Amazon uses generative AI to give customers a quicker overview of product features.
Reducing long texts to the essentials is a parade discipline of large language models. It works quite reliably, and Amazon is confident enough to apply this capability to product reviews.
New "AI-generated highlights" summarize the most important aspects and frequently quoted customer opinions from written reviews in a concise paragraph on the product detail page, the company announced. This could help shoppers get a quicker overview of a product without having to read all the reviews.
The AI will also be able to highlight specific aspects at the user's request. For example, if a user is looking for a product based on ease of use, he or she can filter the app by that topic and then receive a summary of just the review statements on that topic.
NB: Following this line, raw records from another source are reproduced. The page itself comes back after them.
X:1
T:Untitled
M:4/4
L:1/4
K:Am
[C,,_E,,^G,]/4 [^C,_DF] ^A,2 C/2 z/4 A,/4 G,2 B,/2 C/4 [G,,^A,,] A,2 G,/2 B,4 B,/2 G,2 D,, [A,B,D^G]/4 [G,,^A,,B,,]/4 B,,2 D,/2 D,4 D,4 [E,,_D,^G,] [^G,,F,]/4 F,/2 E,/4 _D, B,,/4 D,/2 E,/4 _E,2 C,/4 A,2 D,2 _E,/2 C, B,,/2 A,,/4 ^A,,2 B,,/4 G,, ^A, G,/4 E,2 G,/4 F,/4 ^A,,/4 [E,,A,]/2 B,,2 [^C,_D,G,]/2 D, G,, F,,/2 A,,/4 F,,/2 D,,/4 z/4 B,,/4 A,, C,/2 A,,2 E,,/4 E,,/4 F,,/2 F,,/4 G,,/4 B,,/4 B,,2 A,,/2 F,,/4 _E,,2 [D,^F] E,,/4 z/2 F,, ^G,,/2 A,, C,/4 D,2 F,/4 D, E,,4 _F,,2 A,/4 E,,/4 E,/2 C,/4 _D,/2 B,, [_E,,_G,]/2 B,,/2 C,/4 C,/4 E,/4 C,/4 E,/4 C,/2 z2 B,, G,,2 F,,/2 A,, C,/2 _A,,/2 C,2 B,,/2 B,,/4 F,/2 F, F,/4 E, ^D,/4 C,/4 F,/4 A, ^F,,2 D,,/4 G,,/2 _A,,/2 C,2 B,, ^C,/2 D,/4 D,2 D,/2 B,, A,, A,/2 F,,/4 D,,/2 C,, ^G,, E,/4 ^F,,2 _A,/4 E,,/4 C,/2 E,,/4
Phased rollout begins in the U.S.
AI review summaries are currently being rolled out to select customers in the U.S. on the Amazon mobile app. Amazon plans to gather feedback and then expand the AI Highlights feature to more customers and categories.
In addition, AI is expected to help identify fake reviews, a problem that is also gaining traction with generative AI, which allows for quick and plausible fakes. According to Amazon, the AI-generated highlight reviews will only access a "trusted review corpus from verified purchases."
Amazon does not address the potential risks of the new feature in the announcement. The biggest risk seems to be that a language model could inaccurately or incompletely reflect or misinterpret customer reviews.
In addition, the summary function could be easily manipulated by training the model, or, depending on the training method, could be inherently biased toward overemphasizing positive aspects and relativizing negative or critical opinions, even if they are valid.
On the other hand, the risk of generating misinformation should be lower in this particular context - if the language models refer to a fixed set of content, in this case product reviews, so-called hallucinations are less likely to occur.